Accounts of the film's making reveal that Dreyer and Falconetti didn't know where it came from—and that because they knew they didn't know, they cradled this enigma as, in Dreyer's words, "a secret that...should be experienced and not explained." It is known that Dreyer shot the film in sequence, but there are also disturbing reports from the set that he made Falconetti kneel on stones to get her to cry, and he relentlessly repeated takes to get her to go further and further emotionally, to break her, to mold her. This apparent aesthetic sadism may explain a few of Falconetti's more pained expressions, and one should never underestimate the ways a grueling shoot can seep into the emotional color of a sensitive performance. But there's no way to explain the overwhelming power or Falconetti's Joan, undimmed over the decades, except as inspiration of singular, even divine nature.

Based on the transcripts of Joan's trial before a special assembly of the Inquisition, Dreyer's film begins in a courtroom and ends at the stake, spending most of the interim in Joan's cell. There are no establishing shots to speak of and only a fleeting few in which we see Falconetti's whole body; she's disconcertingly small and stiff in these moments. Whole books have been written about the ways Dreyer stretched and subverted the film medium with disorienting angles, multi-valenced sightlines, and discontinuous editing—there are almost no cuts on an action, and only a handful that carry a figure from one shot to the next. And there has been a full accounting of the way Dreyer's severe minimalist aesthetic attains its curious timelessness; Jean Cocteau famously said the film was like "an historical document from an era in which the cinema did not exist."

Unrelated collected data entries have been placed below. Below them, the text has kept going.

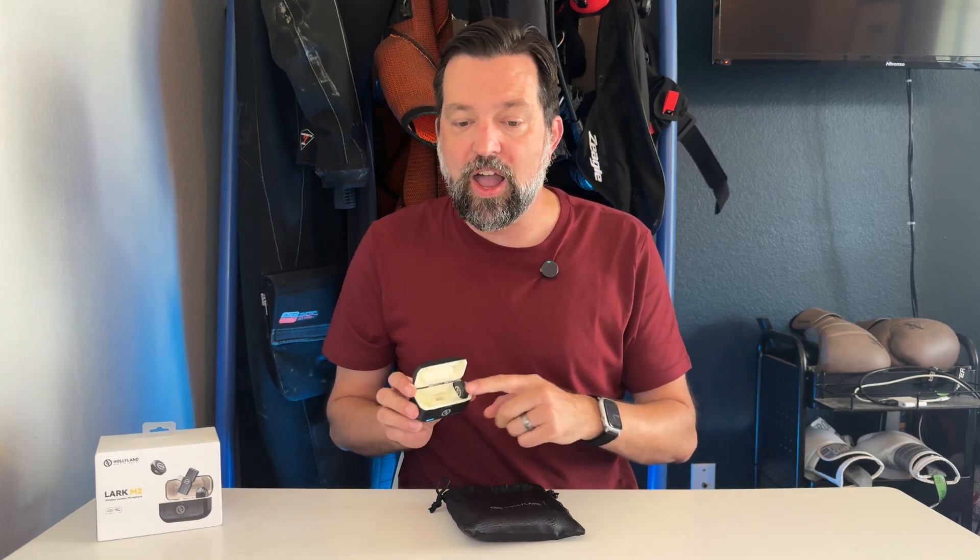It has a very long battery life too. There's about a 10-hour battery life built into each of the two microphones — 10 hours on this one, 10 hours on this one — but then the case can actually recharge these. So total together, you can get about 30 hours of battery life on these microphones, which is incredible. For me, it means not ever missing a shot, not ever having to worry about the microphone dying mid-shoot.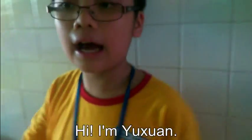Hi, I'm Jamie. Hi, I'm Yishun. And I am Soi.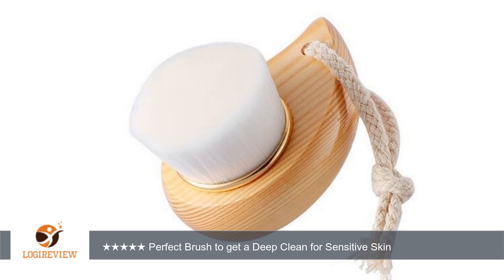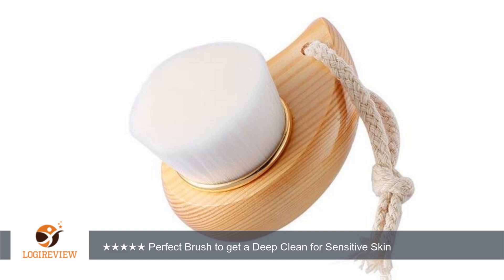The brush dries quickly after each use, which is great. This way it doesn't start to smell by sitting wet for an extended period of time.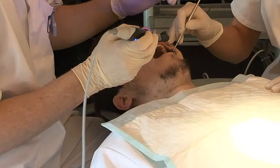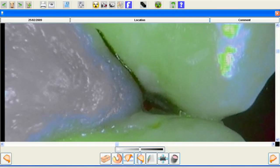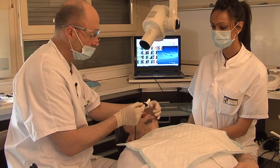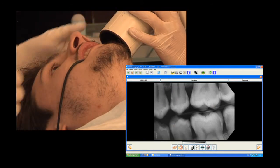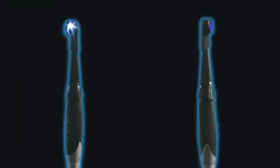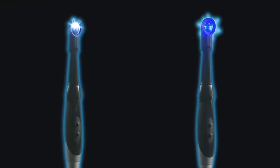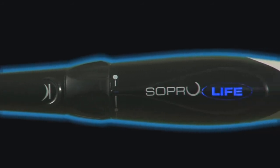With Soprolife's macro mode, you can magnify the image still further and make an even more precise diagnosis. Five years of technical, scientific and clinical research have allowed Sopro to put their skills and know-how in fluorescence imaging to the test. The result of this research is the development of Soprolife, a revolutionary device for the diagnosis and treatment of hard dental tissues.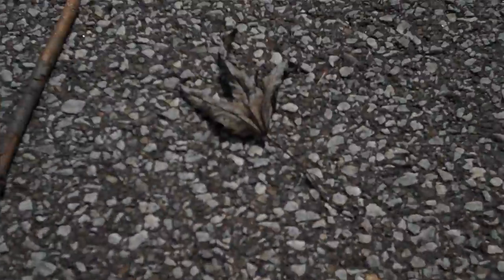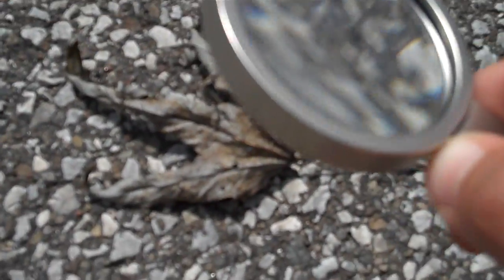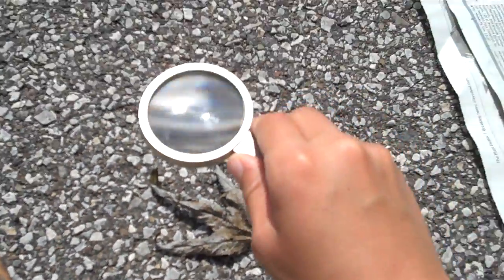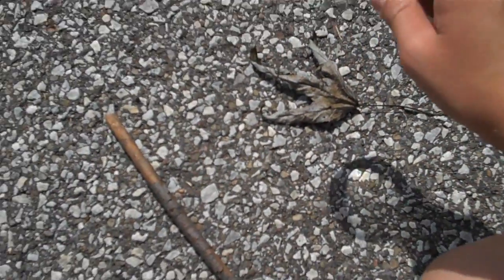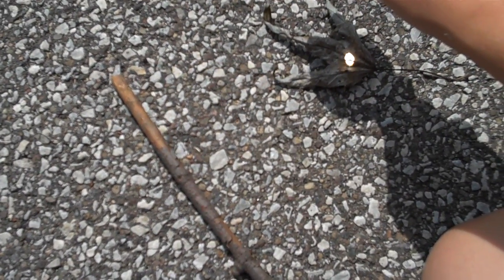Now, time to get to the steps. First, I'm going to show you how to burn a leaf because it's the most flammable. To do it, you must take a magnifying glass, focus like this, and focus a small dot on the leaf.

But there can be no accounting of Falconetti's performance, which transpires almost entirely on the landscape of her dark, unmade-up face, except to record moments: the impossibly wide in eyes of a near-fanatic hearing divine voices, receding to the half-lidded despair of a prophet who understands she'll be misunderstood; the childlike eagerness to trust the hypocrites who dangle Holy Communion before her as a bribe, turning to wracked, tearless sobs of bitter defeat when she realizes the betrayal; the beatific, triumphal glow as she finally overcomes her accusers with an innocence so boundless they eventually crumble in awe. All of these register so strongly, and in such pore-gazing close-up, as to be almost unbearably intimate and moving. Indeed, after a while, though it's a silent film, we can hear Joan's breathless "oui."

If the ephemeral Falconetti left few reliable records of her life, in Passion she left something more: the miraculous leap of the spirit from the body into the camera's watchful, omniscient eye.